Pollution atmosphérique francilienne : la carence fautive de l'Etat, et après ?

26.06.2019

Environnement

Le plan de protection de l'atmosphère (PPA) d'Ile-de-France et ses conditions de mise en oeuvre ont été jugés insuffisants par les tribunaux administratifs de Montreuil et de Paris. Pour autant, faute de lien de causalité direct, les tribunaux ont rejeté les demandes de réparation des préjudices liés aux pathologies respiratoires.

Oui, mais... non.
 
Oui, l'État a commis une faute en ne prenant pas de mesures suffisantes, en région Ile-de-France, pour réduire le plus rapidement possible les périodes de dépassement de valeurs limites de polluants.
 
Mais non, l'État ne doit pas pour autant indemniser les requérants, souffrant de pathologies respiratoires, qui demandaient sa condamnation à les indemniser des préjudices qu’ils estimaient subir en raison de la pollution de l’air francilien.
 
Voici pourquoi.
L'Etat fautif, mais pas responsable, selon le TA de Montreuil
Le 25 juin dernier, le tribunal administratif (TA) de Montreuil a rejeté la demande d'une requérante visant à condamner l’État à lui verser, en réparation des préjudices subis du fait de la pollution atmosphérique, une somme totale d'environ 160 000 € (TA Montreuil, 25 juin 2019, n° 1802202).
 
Dans cette affaire, la requérante soutenait que la responsabilité de l’État était engagée du fait :
- de la carence fautive de ses services déconcentrés lors de l’épisode de pollution de la fin d’année 2016 ;
- de la carence du pouvoir réglementaire pour lutter contre la pollution atmosphérique de 2012 à la fin de l’année 2016.
 
Elle soutenait en outre que la pollution atmosphérique était à l’origine des préjudices subis en ce qu’elle avait aggravé ses problèmes de santé ainsi que ceux de sa fille mineure.
Certes, il y a bien une carence fautive de l'État...
Sur la responsabilité du  pouvoir réglementaire, le jugement du tribunal est clair : le PPA d'lle-de-France ainsi que ses conditions de mise en œuvre sont insuffisants, dès lors qu’il n’a pas permis que la période de dépassement des valeurs limites soit la plus courte possible.
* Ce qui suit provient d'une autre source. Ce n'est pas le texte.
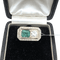 Prsten ze žlutého zlata 18 kt s diamanty a smaragdem 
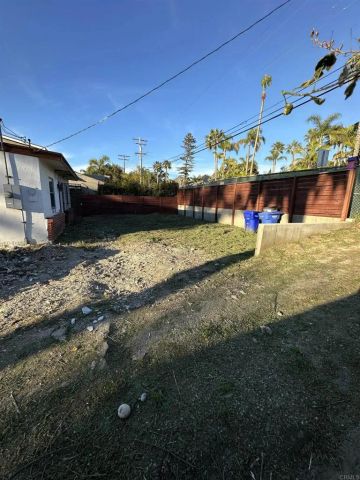 844 Saxony Road, Encinitas, CA 92024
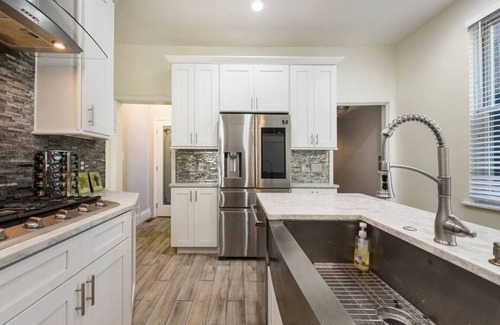 Pittsburgh Apartment | Large, Luxe & Luminous Near Stadiums & Museums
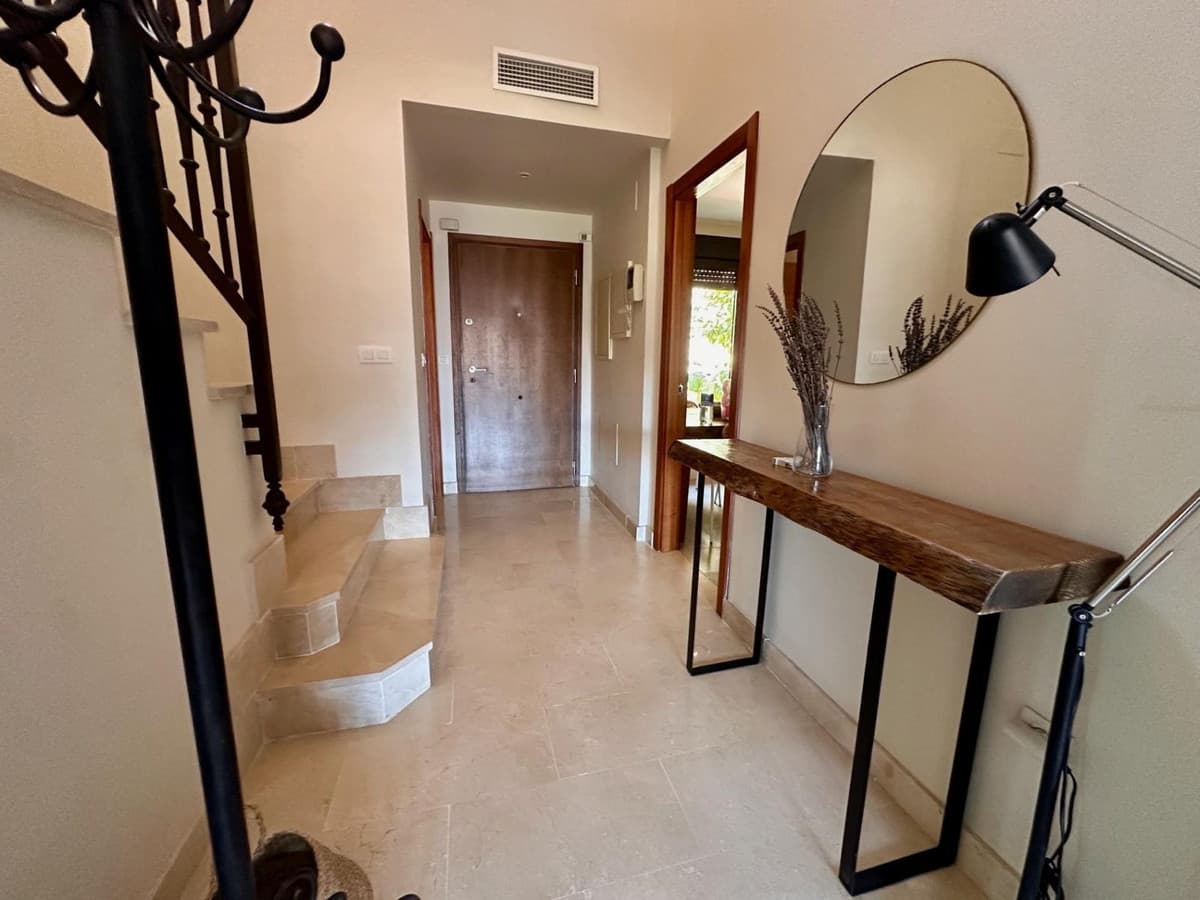 Townhouse in Estepona — photo 2 of 10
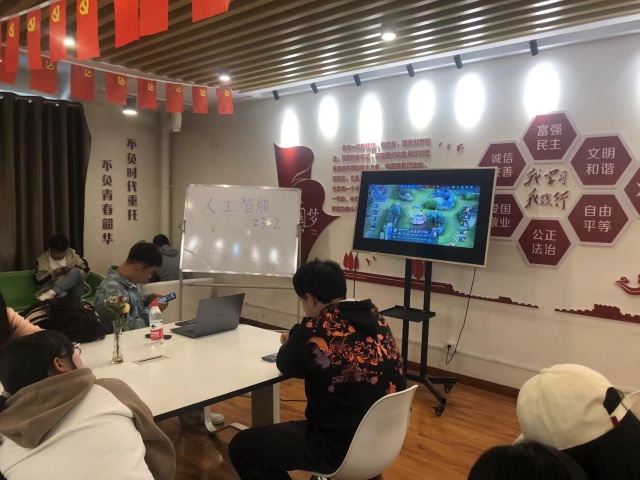 秋风摇曳 叠翠流金——智能工程学院十月完满团支部活动集锦三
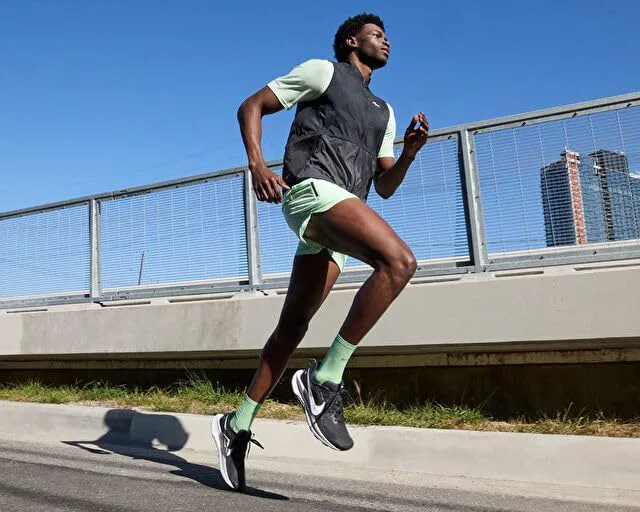 Мужские кроссовки Nike Pegasus Trail 5, черный/белый/серый — фото 2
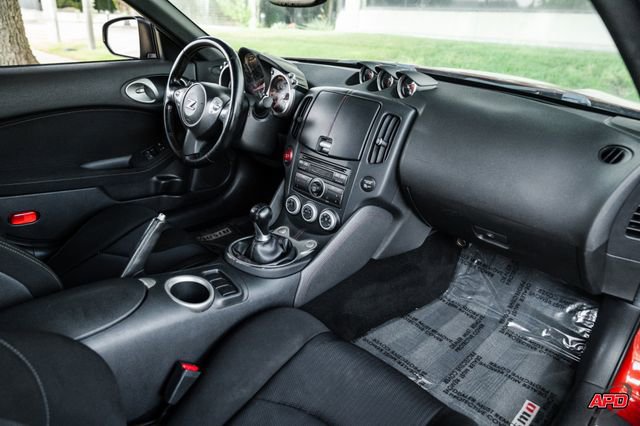 Used 2013 Nissan 370Z NISMO image 18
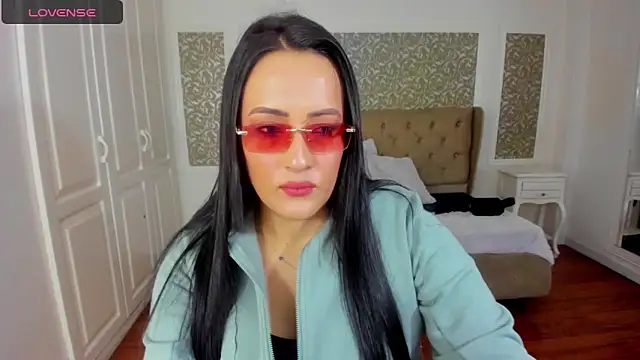 Snapshot of KimWessel_ chatting on 04/18/26, 08:42 KimWessel online show from 04/18/26, 08:42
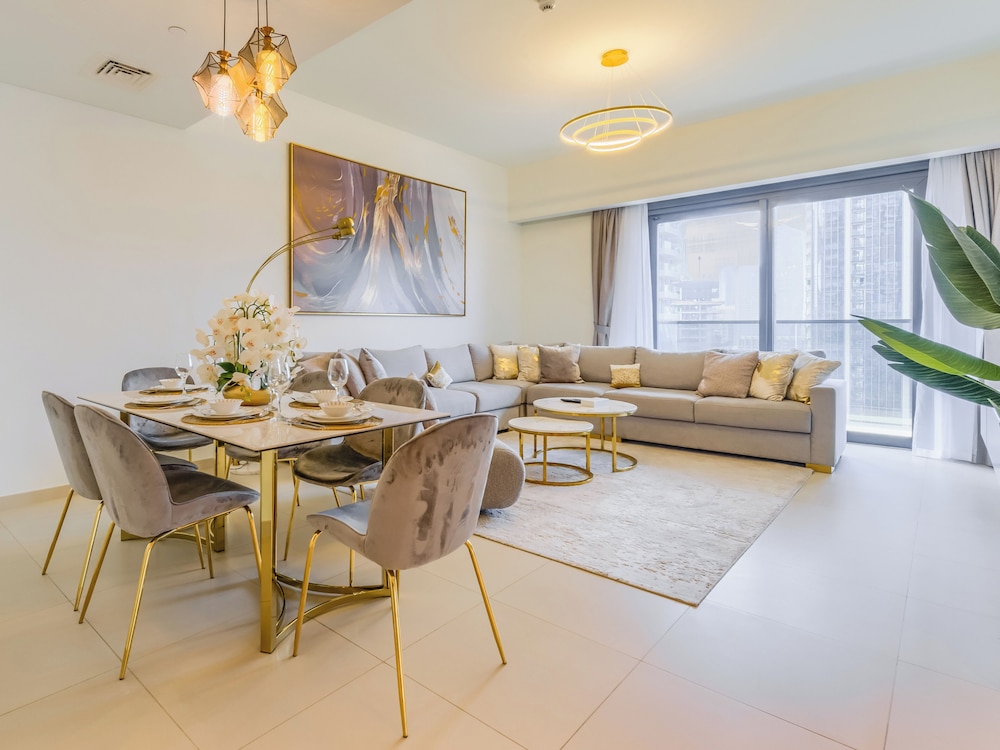 Act One - Act Two - Downtown - Emaar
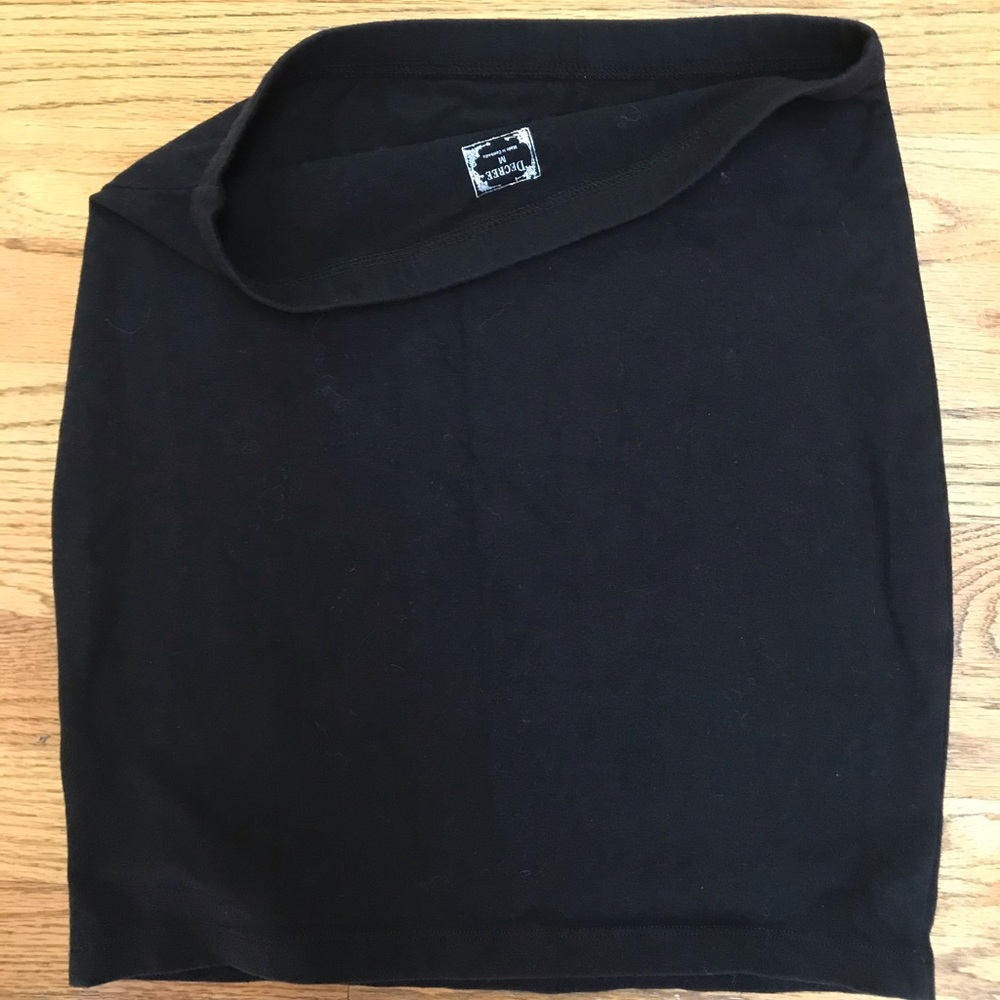 Black pencil skirt
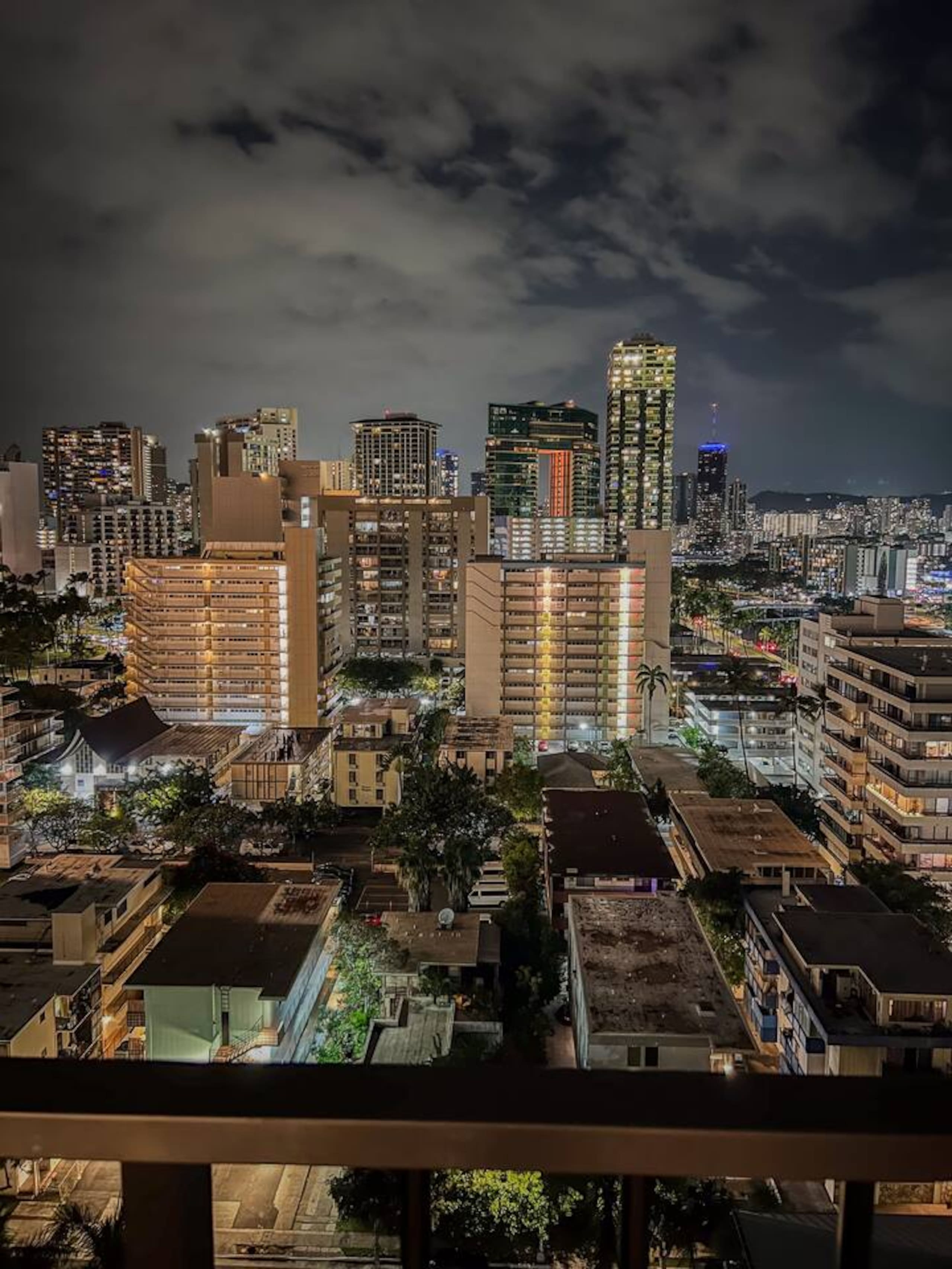 Resort in Honolulu · ★4.98 · 1 bedroom · 2 beds · 1 private bath - Image 21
Si le dépassement des valeurs limites ne peut constituer, à lui seul, une carence fautive de l’Etat en matière de lutte contre la pollution atmosphérique, l’insuffisance des mesures prises pour y remédier est en revanche constitutive d’une telle carence.
 
C'est sur cet unique point que la responsabilité de l’État s'avère engagée en l'espèce, les autres arguments ayant été écartés par le tribunal les uns après les autres.
 
Pour autant, pour que l'Etat soit jugé responsable et ainsi permettre l'indemnisation des préjudices subis, un lien de causalité est requis.
... mais pas de lien de causalité direct entre la faute et les pathologies respiratoires
Pour la requérante, nul doute que les bronchites dont elle souffre et les crises d’asthme de sa fille sont imputables à la pollution atmosphérique en Ile-de-France.
 
Cependant, le tribunal considère qu'elle ne donne aucun élément, tant sur leur durée de résidence en Ile-de-France, et, le cas échéant, sur leurs lieux de résidence successifs, que sur la date d’apparition de sa pathologie et son évolution dans le temps. Elle n’apporte pas suffisamment d’éléments permettant d’établir l’incidence alléguée du dépassement des seuils de concentration sur leur état de santé.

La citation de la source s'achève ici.